A Ulusal Ekip Teknik Yöneticisi Stefan Kuntz ile sadece bir kamp devri geçirdiğini hatırlatan Enes, “aslına bakarsanız hoca Alman o yüzden daha disiplinli, bilhassa fizikî olarak daha tempolu bir ekip istiyor, Daha sert, daha sağlam bir grup istiyor. Disiplinli olmamızı, çağdaş bir futbol oynamamızı istiyor.” değerlendirmesinde bulundu.

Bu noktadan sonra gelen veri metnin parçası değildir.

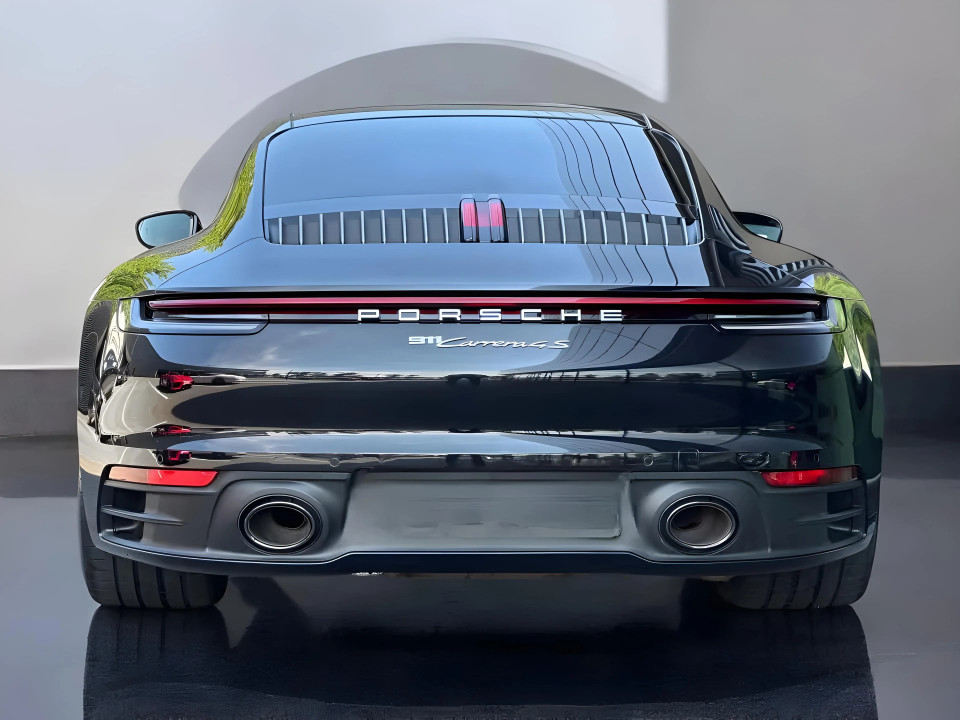 Porsche 911 Carrera 4S (992 I) - foto 7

Golcü futbolcu, ay-yıldızlı takımın 2024 Avrupa Futbol Şampiyonası’na (EURO 2024) katılma talihinin sorulması üzerine ise, “İyi bir ekibimiz var. Bundan kimsenin kuşkusu olduğunu düşünmüyorum. Âlâ bir havuz oluştu. Yeni gelen gençler de var. Kıymetli olan ekip olarak çağdaş futbola adapte olmak, fizikî ve grup oyunu olarak düzgün bir duruma gelebilmek. Teknik ve kişisel olarak kasvet yaşayacağımızı düşünmüyorum.” biçiminde konuştu.

“Bursaspor yalnızca benim ya da Bursalılar için değil, Türk futbolu için önemli”

Enes Ünal, ‘Bursaspor’un değerli isimlerinden bir tanesiydin. Yeşil-beyazlı takım ligde kalma gayreti veriyor. Sence bunu başarabilecekler mi?” sorusunu, “Bursaspor da benim için değerli. İnşallah kalır. Bursaspor yalnızca benim ya da Bursalılar için değil, Türk futbolu için kıymetli. Türk futbolu için hem altyapısıyla hem taraftarıyla değerli bir kıymet. İkinci ligden de düşmesi acı verici olur. Hayal kırıklığı.” halinde yanıtladı.

“Madrid anlatılmaz, yaşanır”

Enes, Madrid’deki yaşantısı hakkında ise, “Madrid’i nasıl anlatayım? Anlatılmaz, yaşanır. Yaşamak için fazlaca rahat bir kent. Kimse seni rahatsız etmiyor. Yapabileceğin her şey var. Kızım oldu, 2 yaşına geliyor. Onun için her türlü imkan var. Okulu olsun, cümbüş olsun. O doğduktan daha sonra hayatımız daha epeyce ona yöneldi. Onun yetişmesi, büyümesi bizim için hayli hoş.” sözlerini kullandı.